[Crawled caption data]
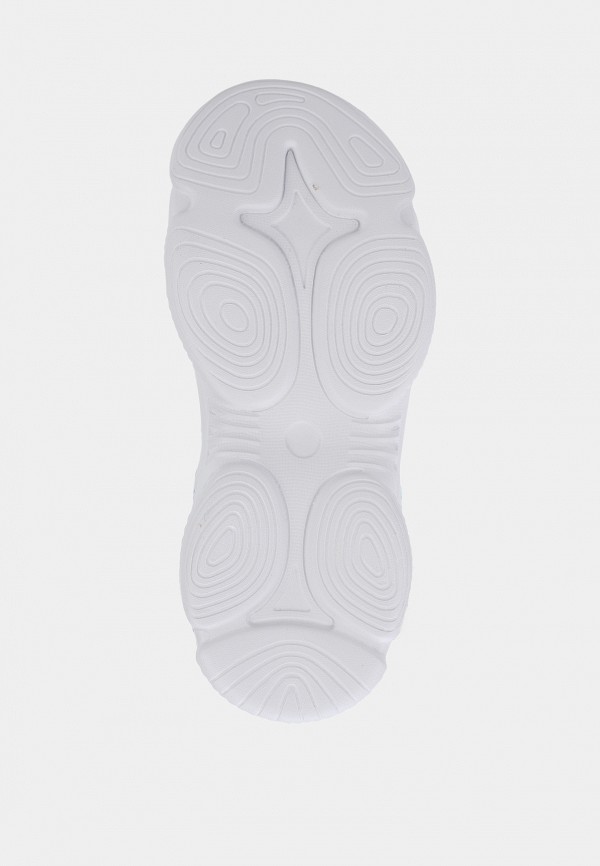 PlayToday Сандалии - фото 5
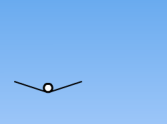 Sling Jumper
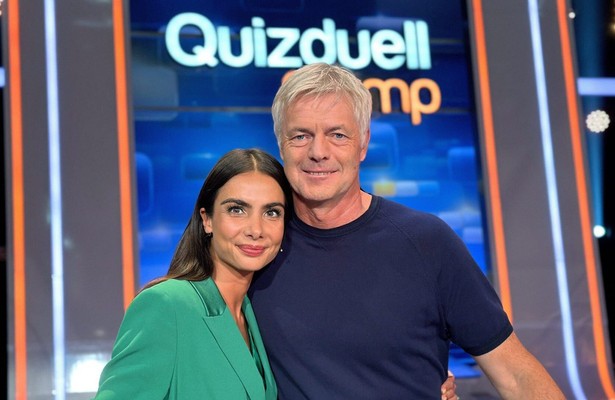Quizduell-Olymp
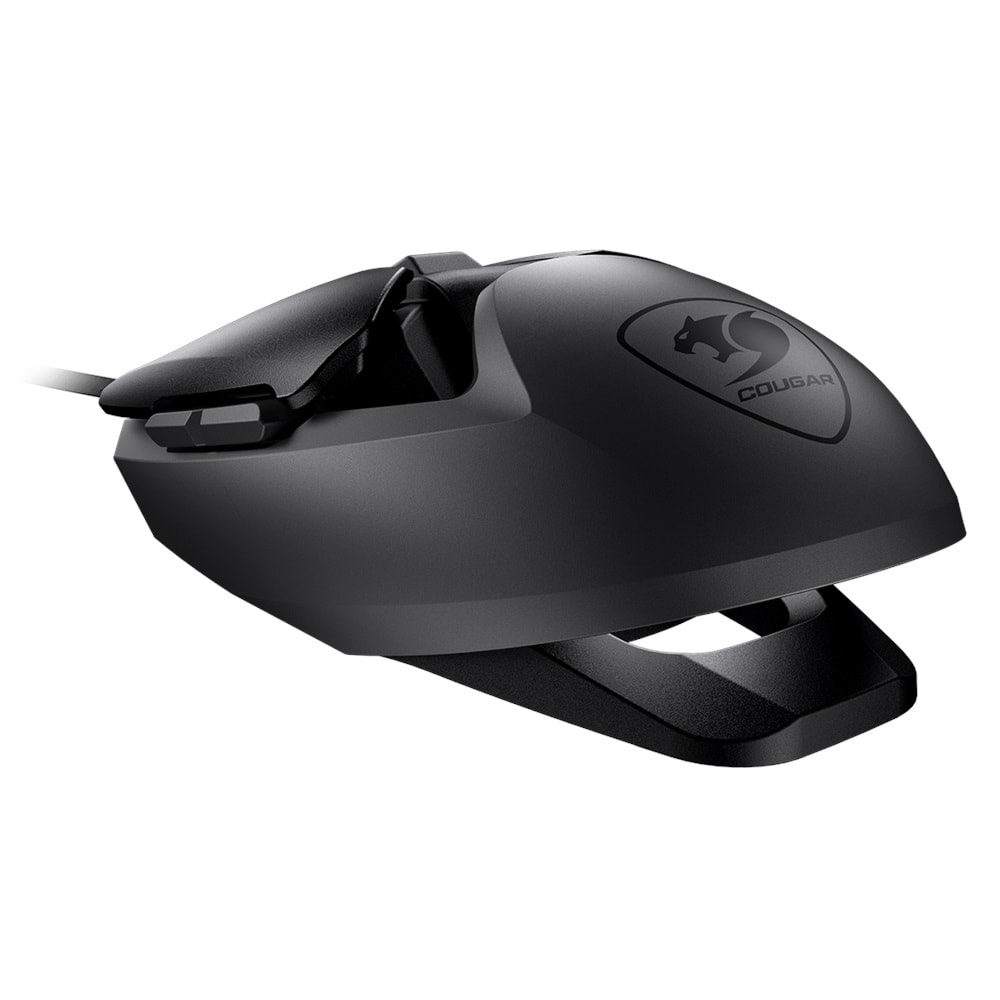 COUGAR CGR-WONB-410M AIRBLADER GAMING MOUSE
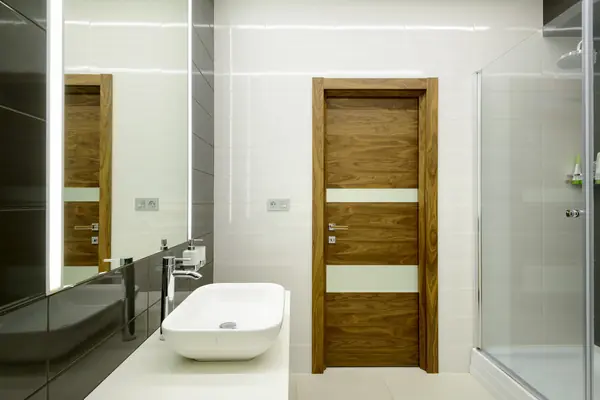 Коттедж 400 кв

• _Task details_
When you copy the entries above, reproduce each line exactly and leave out any pictures.

• _Response_
 PlayToday Сандалии - фото 5
 Sling Jumper
Quizduell-Olymp
 COUGAR CGR-WONB-410M AIRBLADER GAMING MOUSE
 Коттедж 400 кв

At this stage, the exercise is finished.